Here in Guyana, the Guyana Government has passed legislation and enacted laws that mandate severe penalties for infringements that could cause harm to children while yet recognising that the Guyanese culture allows children to be involved in family income-generation activities, as well as children’s efforts to engage in odd jobs in their spare time, once such activities do not affect their education and/or jeopardise them or their health in any way,
Human Services and Social Security Minister, Dr Vindhya Persaud on Friday last called on stakeholders to collaborate to end child labour in Guyana.
Labour Minister Joseph Hamilton in his message for 2023 warned employers to exercise their due diligence to discourage the practice.
To quote the Minister: “I wish to remind employers that they have a responsibility to prevent and eliminate this scourge in society and to ensure that the necessary due diligence in their business processes and supply chains is done to discourage the involvement of child labour in the business ecosystem…”
The appeal was made during World Day Against Child Labour, which this year is themed, “Social Justice for All. End Child Labour!” Guyana proposes to end child labour by 2025, especially in rural communities where this matter is prevalent. According to Minister Hamilton as a country, we cannot allow the fight against child labour to regress.
The Government thinks it is imperative to prioritise ending child labour and to accelerate the approaches hitherto undertaken to end this scourge. To enable this, the Administration is seeking the involvement of private and public organisations, trade unions, and civil society stakeholders.
Hamilton iterated: “Here in Guyana, we have implemented numerous measures to mitigate the risk factors that provide for the enhanced welfare of our children through the Because We Care Cash Grant, Cash Grant for Each Child With Disability, and the National School Feeding programmes. Notably, together with our inclusive and well-performing education system, we have a good social protection system which covers many social benefits, including foster care and adoption. and public assistance benefits.”

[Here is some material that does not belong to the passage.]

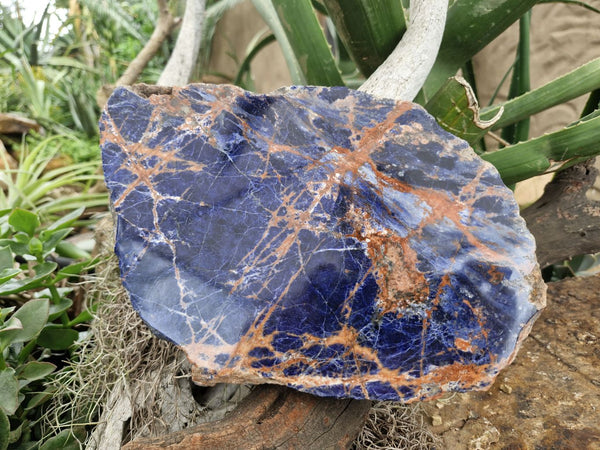 Polished Large Blue Sodalite Slab  x 1 From Namibia - Toprock Gemstones and Minerals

In her remarks during last year’s observation, Minister Persaud had explained the anomalies differentiating acceptable childhood activity and child labour, as defined by UNICEF protocols; she said, inter alia, “… it is good to have children involved in chores at home. It is good to give them a sense of discipline and responsibility, but from the time it moves to force… exploiting them and putting them in the labour force at a tender age when money is involved … and the deviation becomes a part of the equation, that is when it becomes wrong… It is a crime. It leads to poverty, it leads to deprivation of education, it leads to societal exclusion, it leads to psychological trauma and harm, and it can lead to the worst forms of abuse of children.”
Good intentions cannot eradicate societal scourges, but holistic approaches by global multi-stakeholder endeavours may positively impact the status quo to levels where individual governments can effectively manage their internal affairs.